Dataset records

━━━━━━━━━━━━━━━━

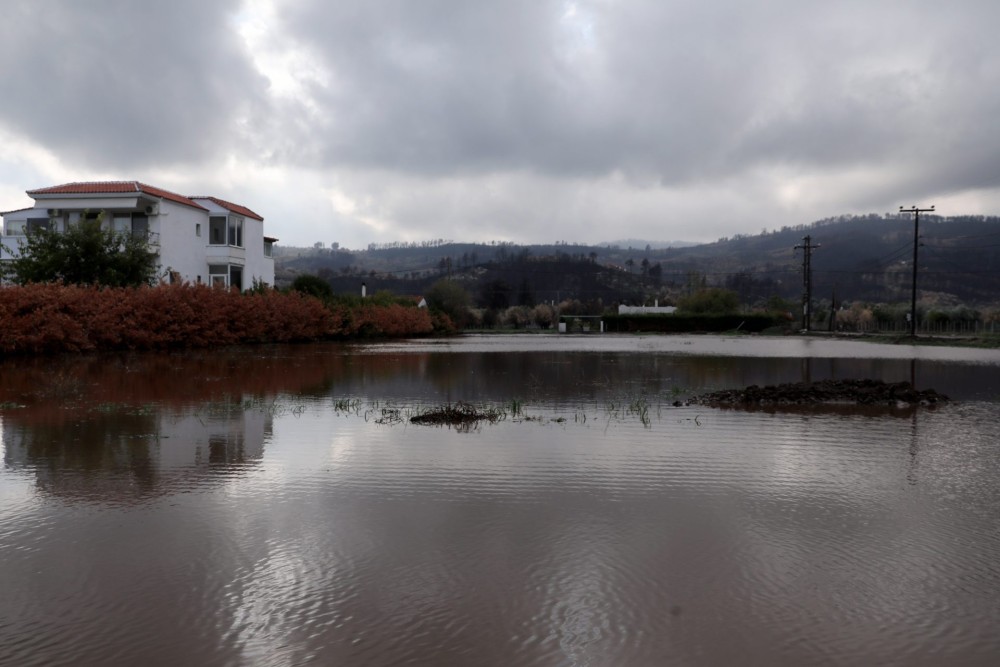 Πλημμυρικά φαινόμενα και κατολισθήσεις προκάλεσε η κακοκαιρία σε Αγρίνιο και Μεσολόγγι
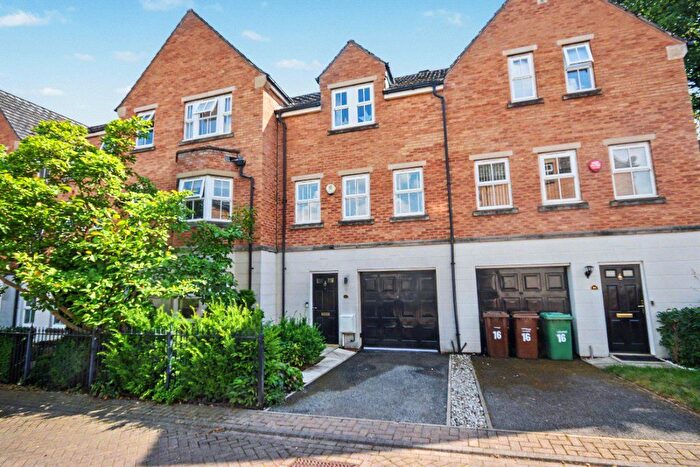 3 Bedroom Town House For Sale In Pinders Square, Wakefield, West Yorkshire, WF1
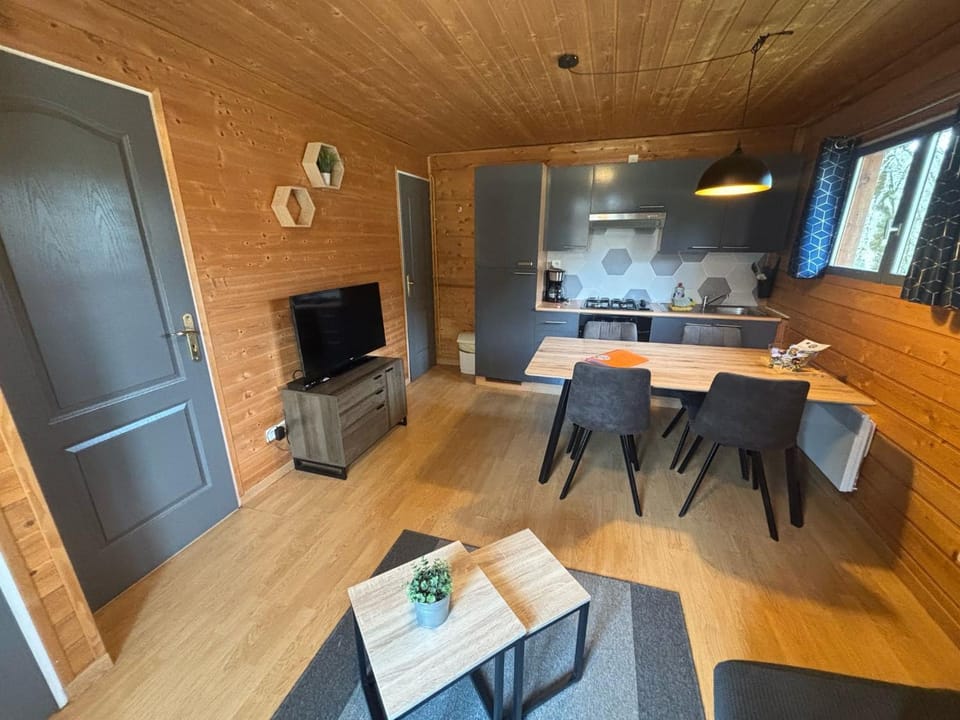 TV and multimedia, Kitchen or kitchenette, Seating area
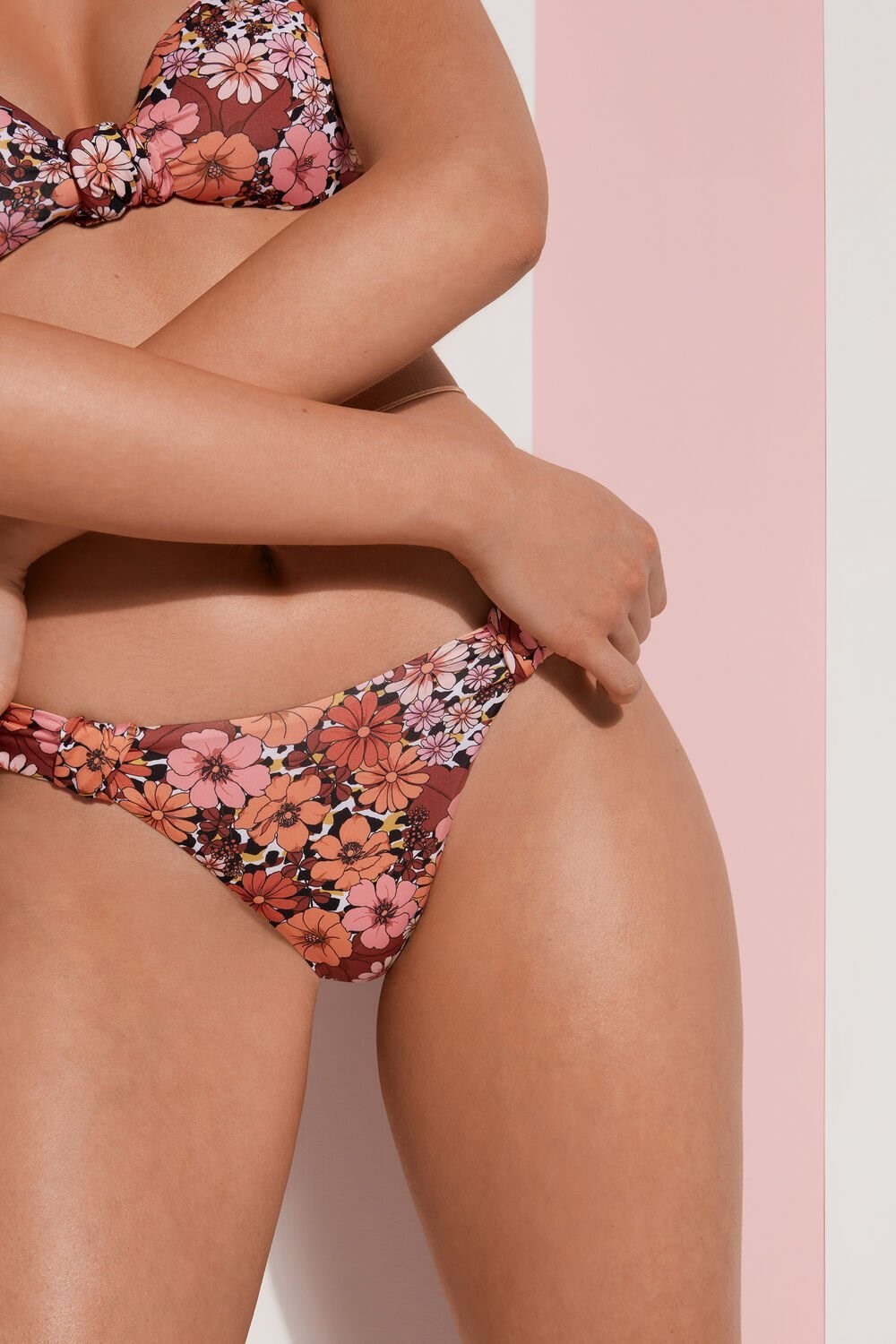 Tezenis Flower Animal Print Knotted Ruched Bikini Bottoms Floral Floral Animal Print 581v | 0851-EAWPZ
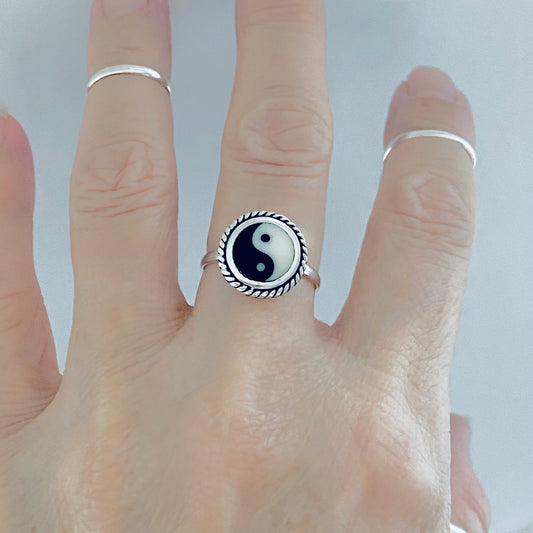 925 Sterling Silver Round Yin and Yang Ring with Rope | Yoga Balance of Life Silver Rings
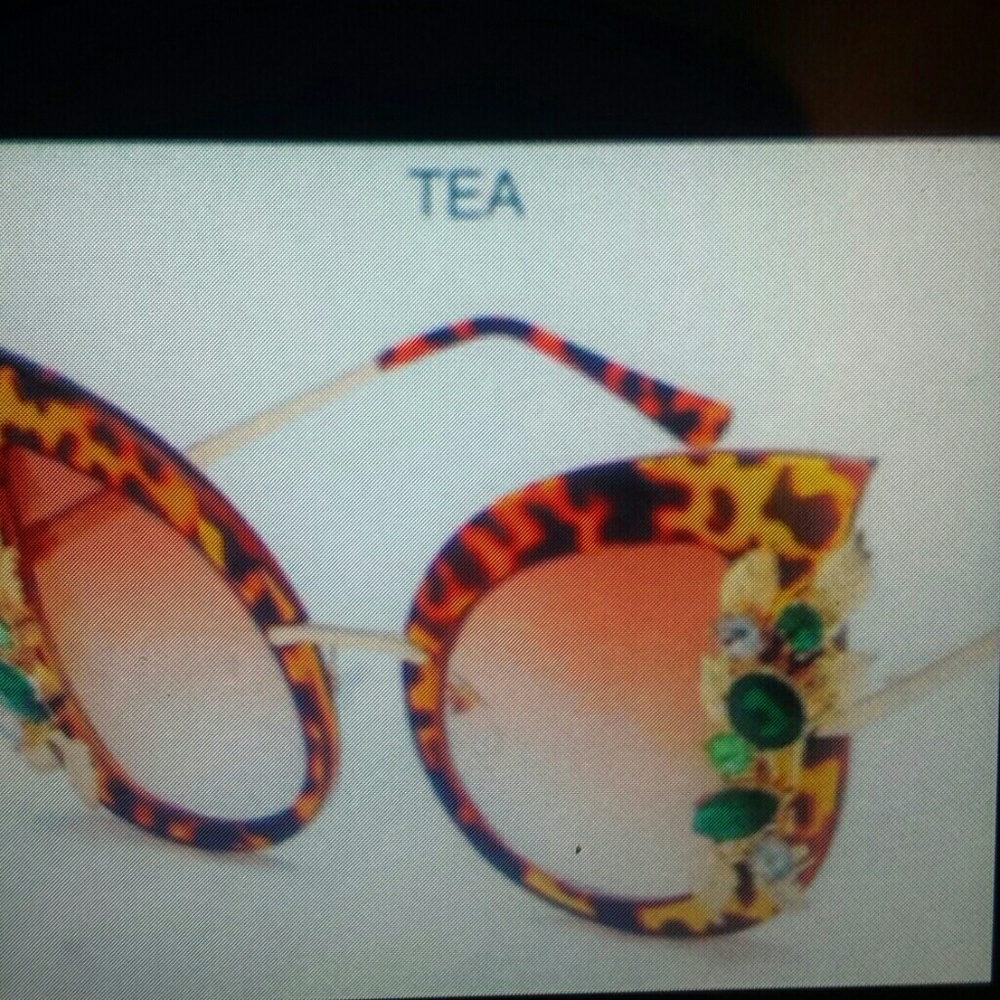 Brand New Fashionable Cat Eye Sunglasses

━━━━━━━━━━━━━━━━

What you have to do
Quote the records in full and exactly; skip any image.

Answer box
 Πλημμυρικά φαινόμενα και κατολισθήσεις προκάλεσε η κακοκαιρία σε Αγρίνιο και Μεσολόγγι
 3 Bedroom Town House For Sale In Pinders Square, Wakefield, West Yorkshire, WF1
 TV and multimedia, Kitchen or kitchenette, Seating area
 Tezenis Flower Animal Print Knotted Ruched Bikini Bottoms Floral Floral Animal Print 581v | 0851-EAWPZ
 925 Sterling Silver Round Yin and Yang Ring with Rope | Yoga Balance of Life Silver Rings
 Brand New Fashionable Cat Eye Sunglasses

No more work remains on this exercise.